Given material:
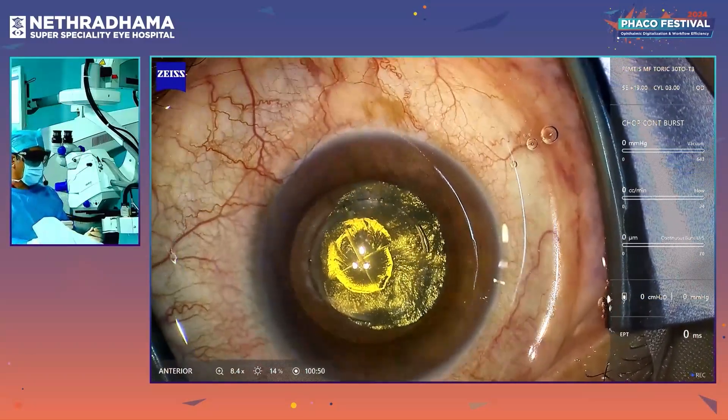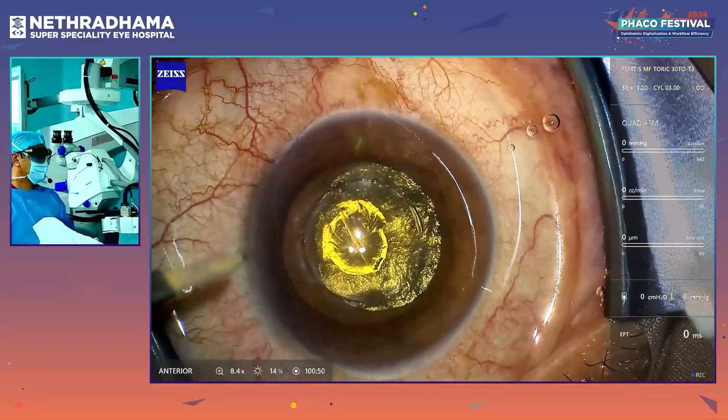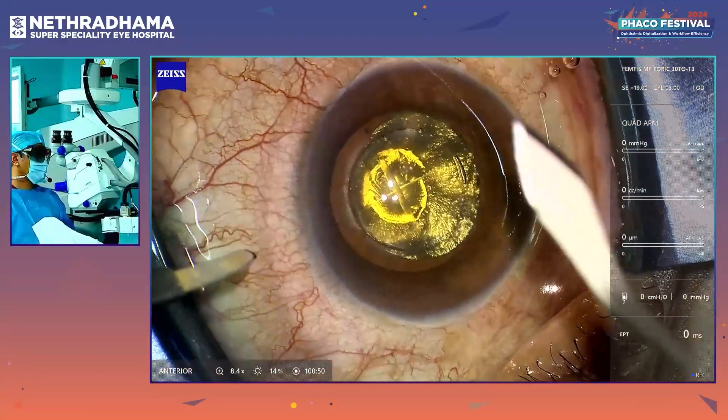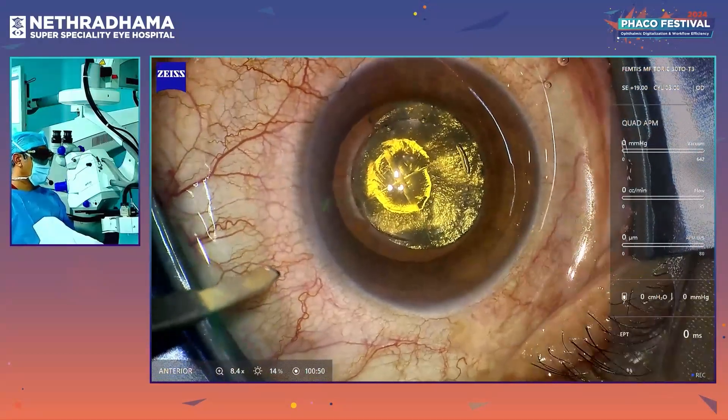This is a 57-year-old female with a grade 2 softer cataract. You can see that the capsulotomy and the nucleotomy 4-quadrant has been done with the Lens AR.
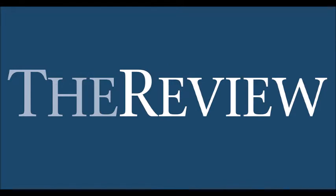Coming to you from the greenest state in the land of the free, I'm Jason and it's time for another edition of the review. Let's get into this review.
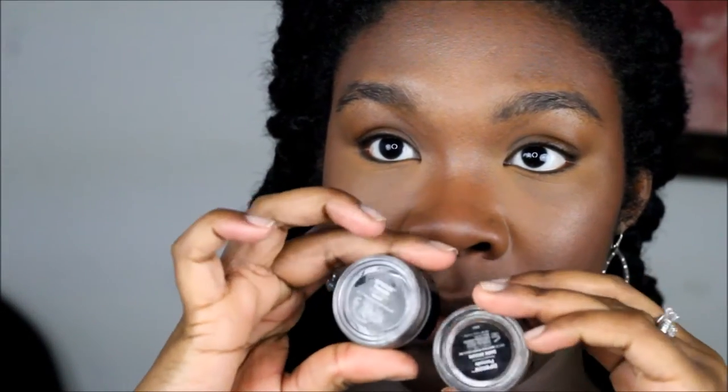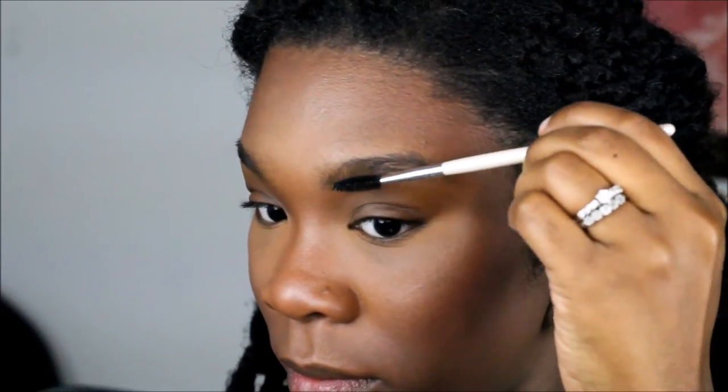We're going to first use a spoolie to brush, and we're also going to use the Anastasia Brow Pomade in dark brown. We're going to brush up the brows in the direction where the hair is growing. We're going to start from the middle of the brow and work in strokes towards the front.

The problem:
Your reply should hold exactly the lines from the line containing "Coming to you" through the final line of the listing, and none of the pictures.

Result for this exercise:
Coming to you from the greenest state in the land of the free, I'm Jason and it's time for another edition of the review. Let's get into this review.
We're going to first use a spoolie to brush, and we're also going to use the Anastasia Brow Pomade in dark brown. We're going to brush up the brows in the direction where the hair is growing. We're going to start from the middle of the brow and work in strokes towards the front.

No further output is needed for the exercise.